Yesterday on NoUp we discussed exactly what Houston was choosing to subsidize in terms of housing, and why it seemed impractical, and today's numbers reinforce that theory and then some. For one, it seems that jobs, specifically in the oil and gas sector, are a main driver of growth and not urban amenities. Second, not only are people coming to the Houston region, taking a look around and then choosing the suburbs, but it seems that the people inside the City are pulling up stakes and moving out there as well.
This presents the City with somewhat of a problem.
We all know that money, and not warm-fuzzies, are what makes the world go around and, given that a large part of the taxable-base seems to be fleeing the city, it's a certain fact that Houston is going to be looking for more revenue very soon. Increased revenue requirements, of course, will mean tax increases which, usually, are harder for the poor and middle-class to absorb than other groups. This then means that the exodus is going to continue at possibly greater levels than before.
What this also means is that Metro is still planning on spending Billions of dollars to move around less and less people instead of taking a hard look at their business plan and realizing it's on the cusp of going tits up. Strangely, not a person there seems to have noticed this so it's all hands on deck to provide the most service where the fewest people in their service region are going to be living.
Another take-away from all of this is that people have an innate desire to have yards, the freedom provided by a personal automobile, good schools, and some order. While it's true that we here at NoUp are big fans of Houston's no-zoning policy, and feel (rightly) that attempts to reverse this long-standing policy would end in disaster, there's very real evidence that planned communities such as The Woodlands and Sugar Land have very real appeal.
It's not hard to imagine that this news will cause some consternation among Houston's ruling class, and that somewhere, sometime, someone will decide that Something! Must be done! Given the history of the current leadership that Something! will probably involve creating a commission whose job is to figure out what Houston can do to entice people to relocate back with the warm, embracing confines of the city limits.

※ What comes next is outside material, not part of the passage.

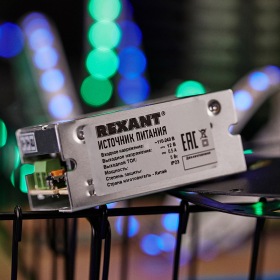 REXANT Источник питания 110-220 V AC/12 V DC 0,5 A 5 W с разъемами под винт, без влагозащиты (IP23)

So, get ready for it Houston, in a few months there's going to be another story in the Chronicle revealing that the commission has discovered, through on-line survey probably, that people really want to live in close quarters inside the Loop, and that they'd do so only if there were pedestrian-friendly complete streets and if the City were willing to spend 2 Trillion dollars to re-make Houston into something it's not. Groups like Houston Tomorrow will rip large amounts of journalism from behind the pay-wall quoting the Apple Dumpling Gang who will say that the secret to Houston Future is to make it more like what people are currently fleeing in droves.
They won't even realize why that's wrong.